We go back to Cris-tal and her hemp and Sandshrew vs. Victor and Gligar as they're battling away. Gligar is told to use its poison sting so Sandshrew curls up in a defense curl to absorb it impressing Victor. Gligar uses its agility to speed around the area and Crystal tells Sandshrew to slow it down with a sand attack. The sand gets in Gligar's eyes forcing it into a nosedive giving Cris-tal the opportunity to have Sandshrew nail it with a skull bash which tags Gligar. It doesn't knock out Gligar though and that impresses Cris-tal in her tunnel vision stare.

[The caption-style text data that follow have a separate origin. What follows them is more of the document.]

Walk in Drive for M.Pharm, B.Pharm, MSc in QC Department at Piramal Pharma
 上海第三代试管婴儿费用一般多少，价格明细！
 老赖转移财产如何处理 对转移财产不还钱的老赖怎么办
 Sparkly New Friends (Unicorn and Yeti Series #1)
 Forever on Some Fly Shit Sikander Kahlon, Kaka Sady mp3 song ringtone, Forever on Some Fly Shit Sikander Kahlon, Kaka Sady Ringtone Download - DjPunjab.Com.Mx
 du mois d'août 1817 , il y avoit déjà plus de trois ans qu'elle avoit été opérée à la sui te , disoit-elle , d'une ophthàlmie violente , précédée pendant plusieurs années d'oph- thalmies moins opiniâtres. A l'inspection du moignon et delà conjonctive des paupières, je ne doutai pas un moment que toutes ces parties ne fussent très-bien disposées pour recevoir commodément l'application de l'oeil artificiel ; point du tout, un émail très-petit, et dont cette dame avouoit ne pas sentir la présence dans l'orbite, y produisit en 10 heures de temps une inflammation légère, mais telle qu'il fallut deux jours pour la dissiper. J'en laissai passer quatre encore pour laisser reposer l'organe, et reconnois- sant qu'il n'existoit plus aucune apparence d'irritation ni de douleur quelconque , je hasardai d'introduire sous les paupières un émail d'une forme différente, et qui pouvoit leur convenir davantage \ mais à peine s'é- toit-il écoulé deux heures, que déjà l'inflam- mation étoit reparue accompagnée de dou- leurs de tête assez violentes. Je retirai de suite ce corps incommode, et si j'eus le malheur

Anxious that he's losing to a 15 year old pothead, Victor shouts, "Let's get serious, Gligar! Use your metal claw attack!" Gligar catches up with Sandshrew and tags it with a metal claw electrifying its body in a strange kind of way. Sandshrew takes the damage as Victor shouts at Gligar to attack with the claw harder. But Sandshrew is able to escape when Crystal has it use its sand attack again and then she and Pikachu compliment the rocky rodent for escaping.

We then go over to Misty battling the burly (which means only slightly fat) guy. The young man has his Electrode use a rollout attack and as Electrode rolls towards Togetic, Misty has it use its rollout as well. They both collide and fly away from each other after the impact. Electrode recovers and uses a thunderbolt attack which fries Togetic. Yet the remnants of its evil power as Togepi help it to absorb the impact and not go down.

"Looks like I'll have to pull my trump card here", observes Misty since Togetic is a flying pokemon battling an electric type, "Togetic.... use your metronome!" And so, Togetic begins wagging its fingers back and forth as the burly kid tells his Electrode get ready for anything. Togetic continues to go back and forth.... back and forth..... back and forth.... back and forth...

...... eh f*ck it.... and so on... you know already.

And when Togetic's arms flash blue, it unleashes its attack which is................. (oh the tension)..... a quick attack which the guy points out that tags Electrode. Well......... that was certainly anti-climactic. But unfortunately, a puny little quick attack isn't gonna knock down a collegiate trainer's evolved pokemon. So Electrode finishes off Togetic with a sonic boom attack (he he he) which Togetic can't avoid despite Misty's pleas. Thus, Misty loses her battle so she goes over to check up on Togetic and congratulate the student.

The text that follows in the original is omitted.